==== Recorded data ====

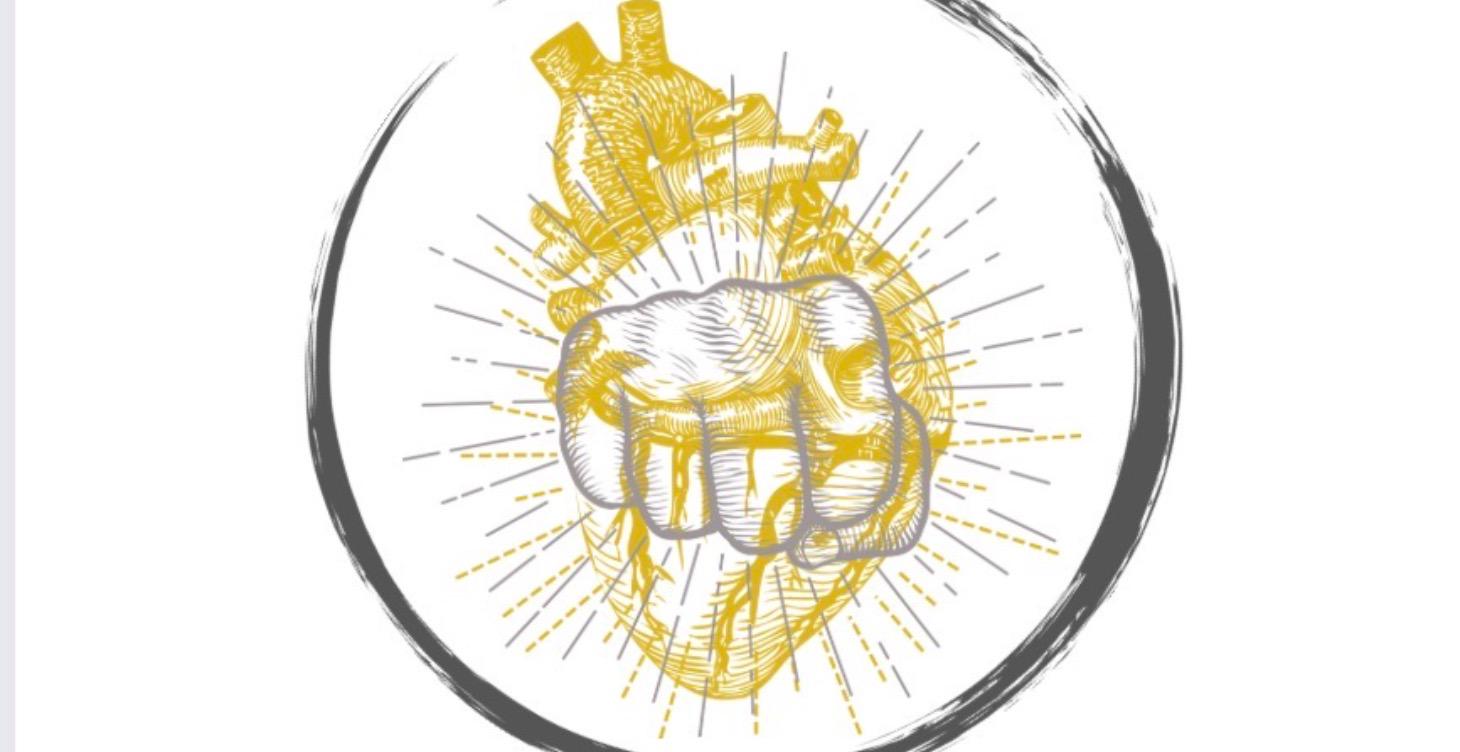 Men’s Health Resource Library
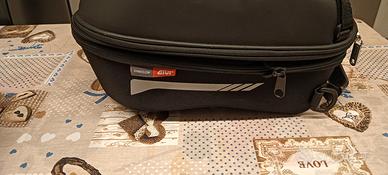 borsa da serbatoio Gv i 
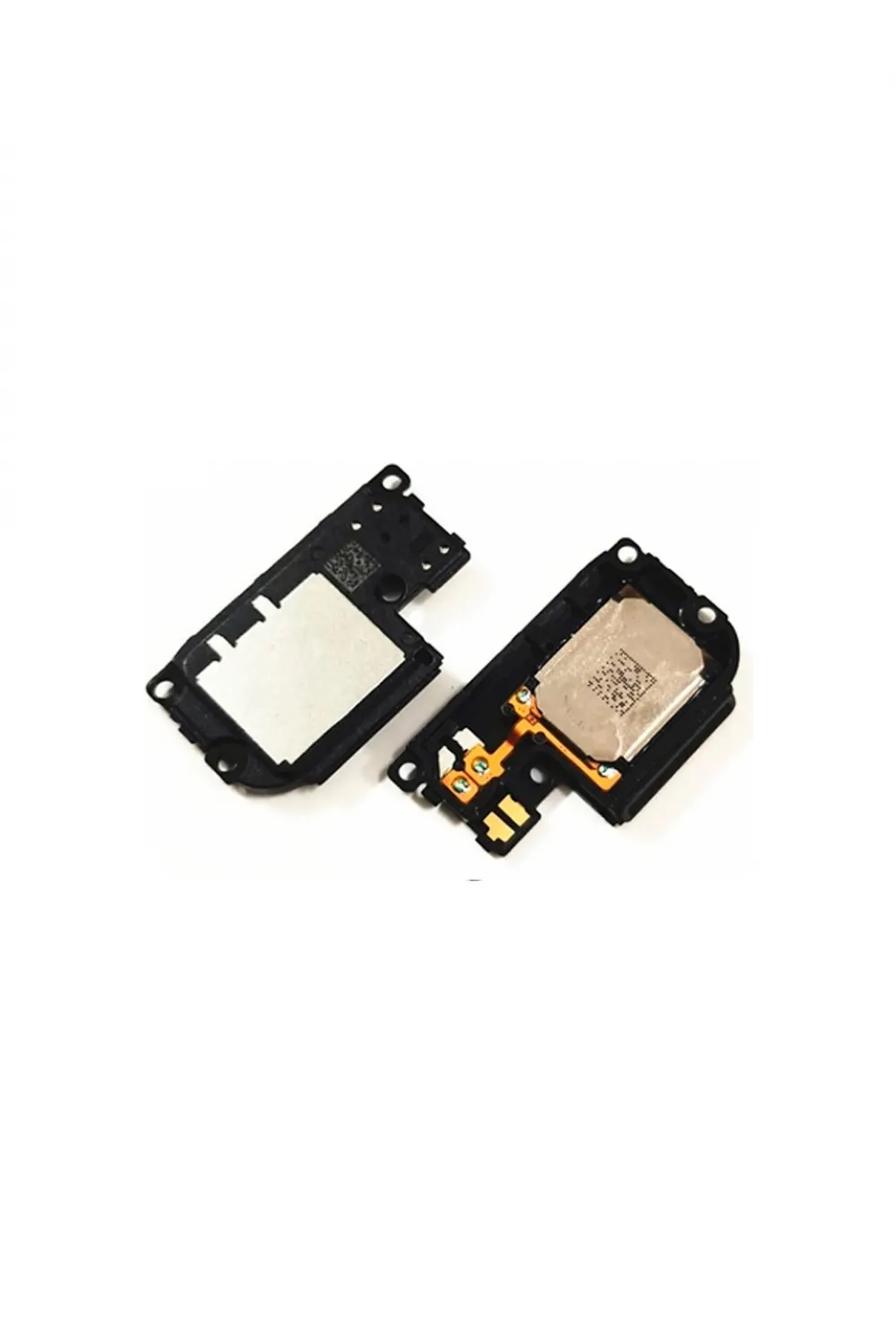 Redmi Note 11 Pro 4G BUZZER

====

In the listing, find the line containing "borsa da serbatoio Gv i" and repeat it and every later line through the last one, word for word, excluding the pictures.

 borsa da serbatoio Gv i 
 Redmi Note 11 Pro 4G BUZZER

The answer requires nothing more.